## TASK ITEM
Each record below needs to be reproduced precisely, though not its pictures.

## INFORMATION SHOWN
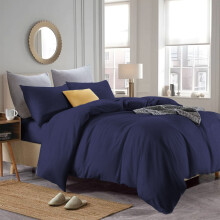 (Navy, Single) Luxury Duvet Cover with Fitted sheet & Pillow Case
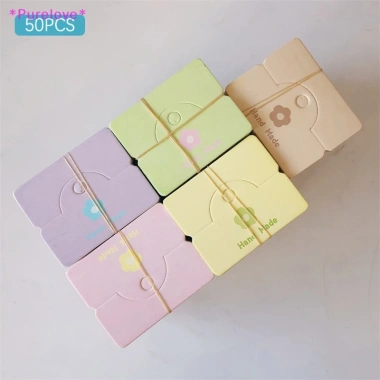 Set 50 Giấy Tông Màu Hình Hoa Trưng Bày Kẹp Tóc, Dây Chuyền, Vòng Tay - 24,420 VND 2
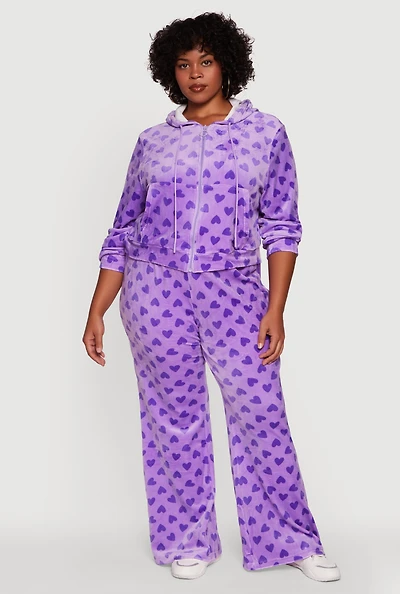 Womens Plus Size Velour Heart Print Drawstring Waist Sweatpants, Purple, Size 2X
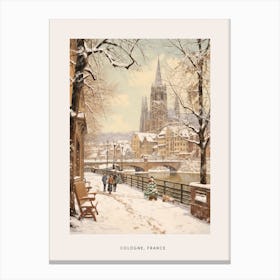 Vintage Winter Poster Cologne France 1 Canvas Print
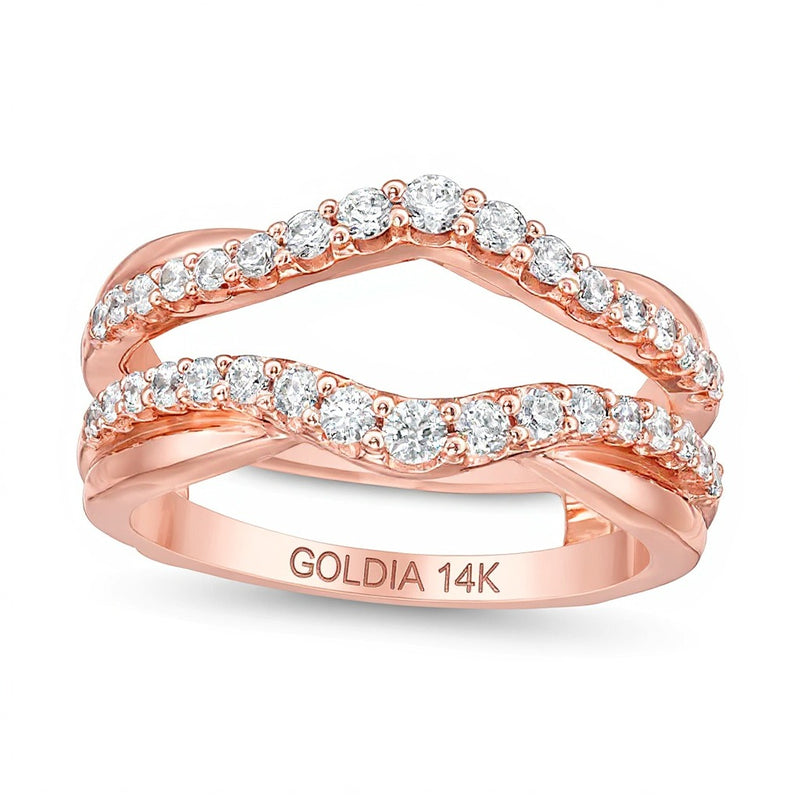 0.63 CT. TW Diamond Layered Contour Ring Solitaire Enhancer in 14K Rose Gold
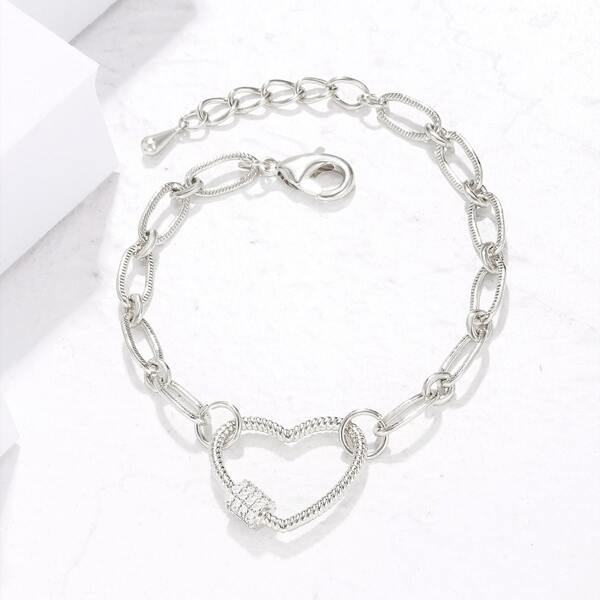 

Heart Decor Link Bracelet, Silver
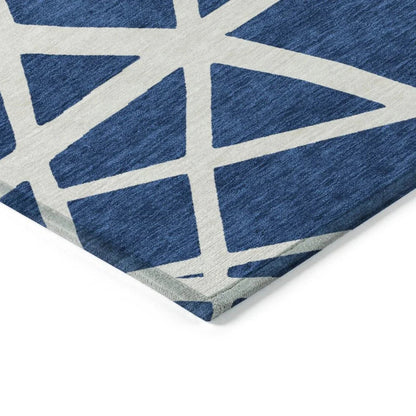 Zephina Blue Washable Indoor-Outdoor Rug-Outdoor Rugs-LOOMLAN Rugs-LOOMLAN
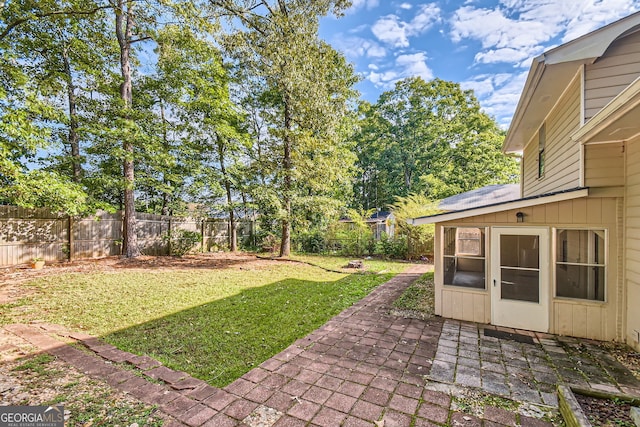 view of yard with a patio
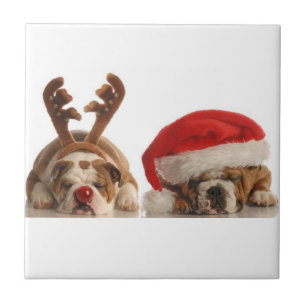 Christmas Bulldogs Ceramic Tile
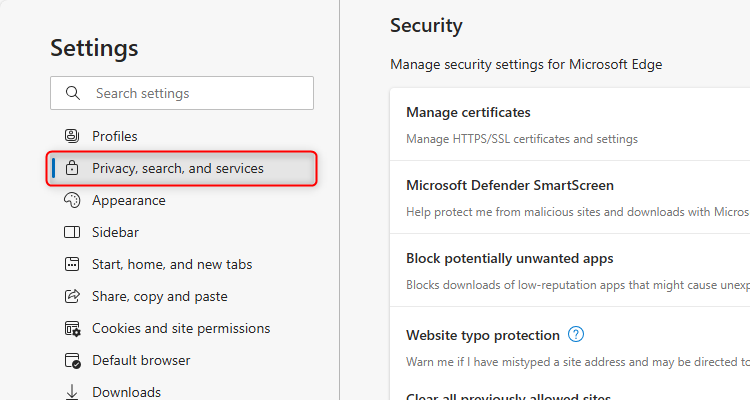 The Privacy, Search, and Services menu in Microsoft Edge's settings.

## EXERCISE ANSWER
 (Navy, Single) Luxury Duvet Cover with Fitted sheet & Pillow Case
 Set 50 Giấy Tông Màu Hình Hoa Trưng Bày Kẹp Tóc, Dây Chuyền, Vòng Tay - 24,420 VND 2
 Womens Plus Size Velour Heart Print Drawstring Waist Sweatpants, Purple, Size 2X
 Vintage Winter Poster Cologne France 1 Canvas Print
 0.63 CT. TW Diamond Layered Contour Ring Solitaire Enhancer in 14K Rose Gold

Heart Decor Link Bracelet, Silver
 Zephina Blue Washable Indoor-Outdoor Rug-Outdoor Rugs-LOOMLAN Rugs-LOOMLAN
 view of yard with a patio
 Christmas Bulldogs Ceramic Tile
 The Privacy, Search, and Services menu in Microsoft Edge's settings.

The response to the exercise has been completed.